Heute mit den Entscheidungen des ArbG Erfurt vom 25.11.2024 (Az. 3 Ga 24/24 bzw. 3 CA 2030/24), des BGH vom 13.08.2025 (Az.: 4 StR 308/25) sowie des BGH vom 22.09.2025 (Az.: AnwZ (Brfg) 28/25).

Aktuelle Rechtsprechung begleitet dich durch Studium, Referendariat und juristische Praxis – sie ist der Schlüssel zum juristischen Durchblick. Wer weiß, wie Gerichte entscheiden, kann Gesetzesnormen sicher anwenden, rechtliche Zusammenhänge besser einordnen und überzeugend argumentieren. Mit JurCase bleibst du monatlich auf dem Laufenden über relevante Rechtsprechung aus Zivilrecht, Strafrecht und öffentlichem Recht. Schon #GEWUSST?

Die Reihe Aktuelle Rechtsprechung KOMPAKT wird von unserem Redaktionsleiter, Rechtsassessor Sebastian M. Klingenberg, für dich zusammengestellt.

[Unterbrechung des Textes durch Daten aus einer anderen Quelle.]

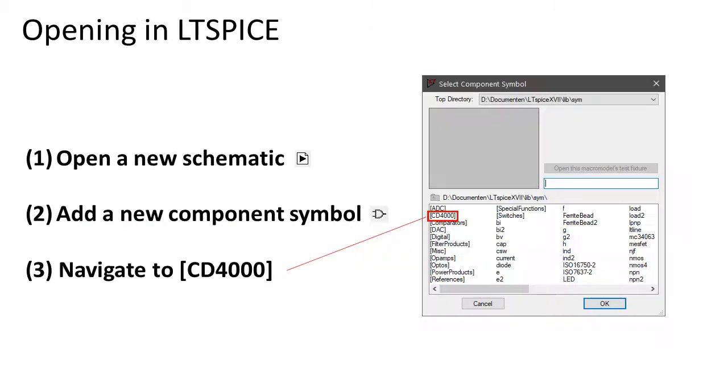Now open a new schematic in LTSpice and add a new component. A new entry called CD4000 will be visible. Click on this.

In der heutigen Ausgabe geht es konkret um

  • einen Beschluss im einstweiligen Verfügungsverfahren des ArbG Erfurt vom 25.11.2024 (3 Ga 24/24; Az. des Hauptsacheverfahrens: 3 CA 2030/24) zur Frage ob im Zuge eines Stellenbesetzungsverfahrens im öffentlichen Dienst bereits ein Arbeitsvertrag zustande gekommen ist und ob Zweifel an der Verfassungstreue bestehen, wenn der Bewerber Mitglied der AfD ist.
  • einen Beschluss des BGH vom 13.08.2025 (Az.: 4 StR 308/25) zur Frage, ob der Täter die für den etwaigen Diebstahl notwendige Zueignungsabsicht hatte, wenn er ein Handy nur deshalb an sich nimmt, um die vermutete Affäre seiner Partnerin zu beweisen.
  • einen Beschluss des BGH vom 22.09.2025 (Az.: AnwZ (Brfg) 28/25) zur Frage, ob ein wegen Betrugs verurteilter Jurist nach über 15 Jahren wieder in den Anwaltsberuf zurückkehren darf – und ob er die hierfür erforderliche Würdigkeit des Berufs (wieder) besitzt.

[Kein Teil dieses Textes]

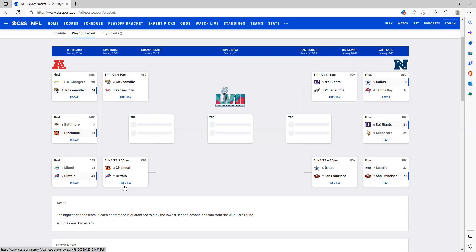And now I have the Dallas Cowboys versus the San Francisco 49ers. I definitely have the San Francisco 49ers advancing right here. I think they're such a good team and I think they're going to take this one over the Dallas Cowboys by a lot.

ArbG Erfurt mit Beschluss vom 25.11.2024 (Az.: 3 Ga 24/24; Az. des Hauptsacheverfahrens: 3 CA 2030/24) zur Verfassungstreue im Staatsdienst bei AfD-Mitgliedern

Worum geht es?

Ein AfD-Kreistagsmitglied bewarb sich als Sachbearbeiter in der Heimaufsicht beim Thüringer Landesverwaltungsamt. Nach interner Zustimmung stoppte das Innenministerium jedoch die Einstellung – wegen Zweifeln an der Verfassungstreue des Bewerbers. Der Mann klagt nun auf Einstellung und Schadensersatz. Er beruft sich auf einen mündlich geschlossenen Arbeitsvertrag (§ 611a BGB) und macht zudem Ansprüche aus Annahmeverzug (§§ 615, 293 ff. BGB) sowie culpa in contrahendo (§ 311 Abs. 2 BGB) geltend, da er seinen alten Job im Vertrauen auf die Zusage aufgegeben hatte.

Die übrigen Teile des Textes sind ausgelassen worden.